# New Hotshot CAI



## Sentra GTR-1 (Aug 2, 2002)

Ok peeps, Im planning on buying the new stainless steel design Hotshot CAI very soon for my 94 B13 1.6 Liter but I also see that they have a short ram intake available at there website. Quite possibly the short ram looks exactly like the full CAI except that they dont provide the secondary piping that extends the air filter behind the front bumper. I have relocated my optima battery to the trunk for better weight distribution but I want to place the filter somewhere as close behind the front headlight as possible and not behind the front bumper. Now that the battery is out of the way and theres plenty of room to work with do you think its possible to fabricate, cut or redirect the Hotshot CAI into placing the air filter somewhere behind the front headlight? I have a pop charger as well as a custom carbon fiber heat shield for the air filter. I love the quality on the Hotshot CAI but I want the filter to stay under the hood. It still will get plenty of fresh air from the front especially with the heatshield. I see either short ram or full CAI systems for our cars, just wish they gave those of us that have relocated their batteries options to keep it under the hood. Think its possible to cut and reweld the CAI the way I want? If so help me out peeps what would I need to do?


----------



## oneSIX (Mar 19, 2004)

get the short ram. from what i've heard the SR has a better tone and not a whole lot less power gains. when you're at the strip you can just remove your headlight to get more air flow.

kent


----------



## chimmike (Oct 17, 2002)

acutally the short ram does nothing but suck in hot air...so yes, the power gains are significantly less.

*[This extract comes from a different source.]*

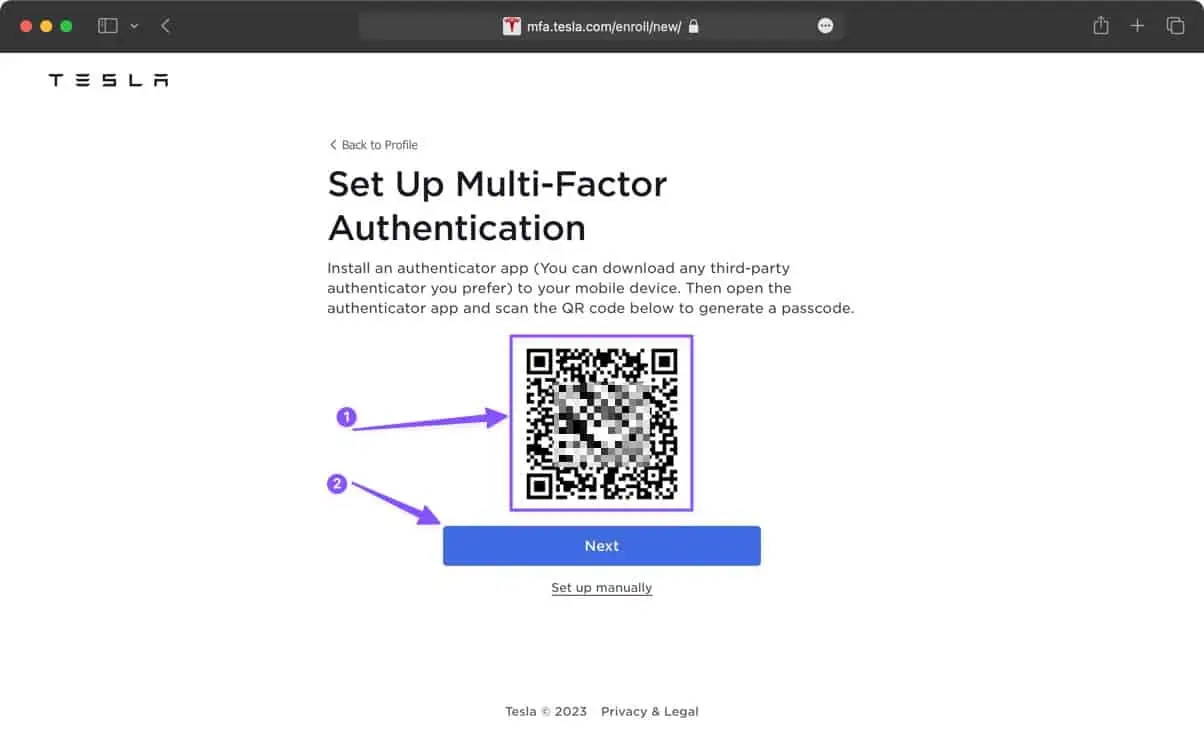 Tesla MFA setup Scan QR Code with authenticator app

get the CAI. there's a reason it costs more...........................................................














it makes more power.


----------



## NotAnotherHonda (Aug 7, 2003)

remember, typically, youll get 1% more hp from every 10 degrees lower the intake temp is...and in the 1.6, thats about a lil more than 1 hp for every 10 deg. cooler











it makes more power.[/QUOTE]


----------



## Nuskool (Jan 5, 2004)

actually its more like .8 or something like that........lol


----------



## sicksilver99 (Jun 17, 2004)

what place sells the hotshot cai the cheapest?


----------



## NotAnotherHonda (Aug 7, 2003)

p-tuning.com


----------



## Uni (May 25, 2004)

222 @ ptuning.com

204 @ http://store.dragracing.com/default.asp - shipping included


----------



## psuLemon (Apr 23, 2003)

www.jgycustoms.com is good too 204


----------